Serialize-to-js version 1.2.2 brings several updates that enhance both the development experience and the underlying dependencies compared to version 1.2.1. A key update is the upgrade of its dependencies, most notably js-beautify which moves from ^1.7.5 to ^1.8.9. A similar upgrade can be noted in safer-eval which shifts from ^1.2.3 to ^1.3.0.
Developers will find the updated development dependencies useful, particularly the jump in eslint from ^4.18.2 to ^5.11.1. This, accompanied by upgrades to related eslint plugins like eslint-config-standard, eslint-plugin-import, eslint-plugin-node, eslint-plugin-promise, and eslint-plugin-standard, suggests a focus on code quality and adherence to modern JavaScript standards. The introduction of nyc for code coverage and the removal of istanbul indicate a shift towards more modern testing tools. The update to mocha from version ^5.0.1 to ^5.2.0 is also a beneficial change.
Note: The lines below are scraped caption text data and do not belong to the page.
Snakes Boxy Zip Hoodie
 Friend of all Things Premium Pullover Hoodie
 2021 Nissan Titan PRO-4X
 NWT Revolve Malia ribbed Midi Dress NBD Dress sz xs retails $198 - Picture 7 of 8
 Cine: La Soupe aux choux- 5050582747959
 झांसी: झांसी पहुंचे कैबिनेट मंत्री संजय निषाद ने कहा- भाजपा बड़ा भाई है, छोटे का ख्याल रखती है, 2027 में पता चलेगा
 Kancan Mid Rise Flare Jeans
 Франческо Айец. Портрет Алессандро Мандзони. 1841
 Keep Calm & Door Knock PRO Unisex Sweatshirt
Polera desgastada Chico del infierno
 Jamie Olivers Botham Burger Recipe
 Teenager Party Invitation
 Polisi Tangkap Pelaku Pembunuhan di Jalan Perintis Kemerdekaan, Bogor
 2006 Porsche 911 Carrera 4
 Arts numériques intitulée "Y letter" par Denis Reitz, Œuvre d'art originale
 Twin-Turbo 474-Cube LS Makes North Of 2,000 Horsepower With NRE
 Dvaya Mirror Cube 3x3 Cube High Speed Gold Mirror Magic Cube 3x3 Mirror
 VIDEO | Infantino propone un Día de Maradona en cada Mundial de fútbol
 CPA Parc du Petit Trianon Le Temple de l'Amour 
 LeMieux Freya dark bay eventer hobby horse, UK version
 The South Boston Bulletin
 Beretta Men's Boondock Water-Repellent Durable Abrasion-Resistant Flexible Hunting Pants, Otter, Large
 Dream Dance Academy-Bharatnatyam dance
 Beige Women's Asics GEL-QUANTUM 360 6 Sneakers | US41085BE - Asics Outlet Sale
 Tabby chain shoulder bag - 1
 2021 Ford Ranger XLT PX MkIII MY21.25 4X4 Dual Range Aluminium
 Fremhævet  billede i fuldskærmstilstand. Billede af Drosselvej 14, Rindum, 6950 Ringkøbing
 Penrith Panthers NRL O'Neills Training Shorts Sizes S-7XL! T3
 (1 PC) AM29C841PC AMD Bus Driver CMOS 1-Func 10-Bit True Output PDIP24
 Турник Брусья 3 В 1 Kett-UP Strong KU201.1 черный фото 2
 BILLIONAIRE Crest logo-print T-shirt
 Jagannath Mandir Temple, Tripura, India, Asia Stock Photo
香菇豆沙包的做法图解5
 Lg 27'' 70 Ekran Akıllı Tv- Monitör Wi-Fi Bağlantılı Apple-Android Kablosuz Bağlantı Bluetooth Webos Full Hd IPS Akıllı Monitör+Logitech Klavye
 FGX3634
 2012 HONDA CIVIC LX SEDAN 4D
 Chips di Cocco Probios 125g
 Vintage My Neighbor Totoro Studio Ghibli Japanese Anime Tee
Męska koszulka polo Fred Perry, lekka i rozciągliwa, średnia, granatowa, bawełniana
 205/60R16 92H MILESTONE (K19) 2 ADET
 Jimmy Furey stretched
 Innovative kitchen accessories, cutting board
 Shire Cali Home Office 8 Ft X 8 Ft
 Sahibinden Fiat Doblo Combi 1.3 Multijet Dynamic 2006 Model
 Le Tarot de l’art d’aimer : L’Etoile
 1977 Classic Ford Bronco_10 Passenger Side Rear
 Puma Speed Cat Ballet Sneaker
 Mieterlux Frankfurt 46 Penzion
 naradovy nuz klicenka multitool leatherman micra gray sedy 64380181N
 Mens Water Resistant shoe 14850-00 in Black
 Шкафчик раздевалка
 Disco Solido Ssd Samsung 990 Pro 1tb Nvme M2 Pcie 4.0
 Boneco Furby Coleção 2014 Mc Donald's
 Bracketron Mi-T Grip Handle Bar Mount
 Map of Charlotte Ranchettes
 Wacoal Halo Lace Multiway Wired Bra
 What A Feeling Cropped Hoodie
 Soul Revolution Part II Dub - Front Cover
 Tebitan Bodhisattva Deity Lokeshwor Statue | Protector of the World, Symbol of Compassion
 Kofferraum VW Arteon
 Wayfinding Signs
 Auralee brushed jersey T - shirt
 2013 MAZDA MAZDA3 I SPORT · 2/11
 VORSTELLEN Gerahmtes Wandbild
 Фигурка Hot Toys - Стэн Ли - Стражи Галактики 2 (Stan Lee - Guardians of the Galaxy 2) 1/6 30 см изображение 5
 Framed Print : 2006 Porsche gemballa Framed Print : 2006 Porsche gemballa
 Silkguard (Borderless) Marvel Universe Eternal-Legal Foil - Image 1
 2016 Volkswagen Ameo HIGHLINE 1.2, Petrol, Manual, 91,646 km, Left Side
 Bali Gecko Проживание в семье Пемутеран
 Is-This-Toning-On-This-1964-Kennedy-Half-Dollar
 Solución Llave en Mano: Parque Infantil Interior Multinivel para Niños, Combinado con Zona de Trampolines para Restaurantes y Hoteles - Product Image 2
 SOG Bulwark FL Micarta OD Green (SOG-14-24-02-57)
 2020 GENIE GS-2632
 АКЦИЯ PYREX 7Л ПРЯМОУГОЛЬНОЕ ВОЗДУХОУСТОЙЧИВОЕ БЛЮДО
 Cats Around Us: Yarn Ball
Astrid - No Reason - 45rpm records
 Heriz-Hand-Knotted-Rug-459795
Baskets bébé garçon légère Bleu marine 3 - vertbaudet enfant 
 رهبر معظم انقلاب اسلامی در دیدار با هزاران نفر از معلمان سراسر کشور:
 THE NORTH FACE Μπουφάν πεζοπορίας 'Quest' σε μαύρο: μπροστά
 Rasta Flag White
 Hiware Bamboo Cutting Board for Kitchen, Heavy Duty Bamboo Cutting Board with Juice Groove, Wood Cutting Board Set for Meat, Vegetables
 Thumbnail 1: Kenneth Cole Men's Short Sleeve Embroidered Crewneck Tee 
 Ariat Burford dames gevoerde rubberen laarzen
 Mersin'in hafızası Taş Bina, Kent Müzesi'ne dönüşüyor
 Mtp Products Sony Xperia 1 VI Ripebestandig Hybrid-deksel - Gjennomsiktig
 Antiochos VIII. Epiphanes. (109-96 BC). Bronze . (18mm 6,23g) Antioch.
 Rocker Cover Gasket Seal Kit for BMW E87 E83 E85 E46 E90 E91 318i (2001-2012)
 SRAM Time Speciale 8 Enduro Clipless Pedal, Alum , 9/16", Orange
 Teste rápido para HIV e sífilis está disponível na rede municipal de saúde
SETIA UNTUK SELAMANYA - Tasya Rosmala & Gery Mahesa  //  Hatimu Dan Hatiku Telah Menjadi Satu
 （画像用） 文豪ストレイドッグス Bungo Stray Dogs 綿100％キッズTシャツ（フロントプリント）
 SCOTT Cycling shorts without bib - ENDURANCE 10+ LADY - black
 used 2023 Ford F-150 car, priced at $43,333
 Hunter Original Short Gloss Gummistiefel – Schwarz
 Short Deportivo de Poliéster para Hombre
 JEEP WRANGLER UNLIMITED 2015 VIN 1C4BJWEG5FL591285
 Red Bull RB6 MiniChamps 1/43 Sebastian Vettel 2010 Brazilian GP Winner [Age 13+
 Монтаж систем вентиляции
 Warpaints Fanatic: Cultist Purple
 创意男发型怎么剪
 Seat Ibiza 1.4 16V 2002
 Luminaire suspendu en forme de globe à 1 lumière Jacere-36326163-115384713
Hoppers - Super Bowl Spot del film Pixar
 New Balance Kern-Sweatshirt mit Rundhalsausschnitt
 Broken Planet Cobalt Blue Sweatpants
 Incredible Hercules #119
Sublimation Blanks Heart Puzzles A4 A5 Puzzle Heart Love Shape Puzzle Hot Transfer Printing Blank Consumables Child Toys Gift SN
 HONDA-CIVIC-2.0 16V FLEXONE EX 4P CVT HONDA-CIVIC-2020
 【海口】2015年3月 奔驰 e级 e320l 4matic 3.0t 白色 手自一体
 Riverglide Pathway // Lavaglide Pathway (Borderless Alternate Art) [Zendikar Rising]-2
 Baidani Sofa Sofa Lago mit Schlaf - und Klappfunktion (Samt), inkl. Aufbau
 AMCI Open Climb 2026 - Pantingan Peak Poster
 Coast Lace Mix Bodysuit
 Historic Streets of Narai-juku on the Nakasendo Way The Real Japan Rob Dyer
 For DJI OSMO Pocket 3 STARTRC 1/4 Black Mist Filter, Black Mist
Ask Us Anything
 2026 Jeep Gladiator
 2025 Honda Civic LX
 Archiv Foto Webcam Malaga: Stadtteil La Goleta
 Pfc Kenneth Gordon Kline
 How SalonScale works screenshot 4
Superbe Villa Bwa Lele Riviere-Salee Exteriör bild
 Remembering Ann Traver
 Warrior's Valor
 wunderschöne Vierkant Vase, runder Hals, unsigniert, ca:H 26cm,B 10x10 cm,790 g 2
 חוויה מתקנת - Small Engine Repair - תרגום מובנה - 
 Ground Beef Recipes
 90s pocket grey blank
While the core functionality of serializing objects to JavaScript remains the same, these dependency updates can contribute to improved security (safer-eval) and maintainability. The change in unpacked size from 18813 to 18850 bytes suggests there were a few other under-the-hood file changes. The release date difference indicates around a 7 months gap between releases. For developers, upgrading to 1.2.2 offers a modernized toolchain, incorporating the latest linting and testing practices within the serialize-to-js workflow.
All the vulnerabilities related to the version 1.2.2 of the package
Denial of Service in serialize-to-js
Versions of serialize-to-js prior to 2.0.0 are vulnerable to Denial of Service. User input is not properly validated, allowing attackers to provide inputs that lead the execution to loop indefinitely.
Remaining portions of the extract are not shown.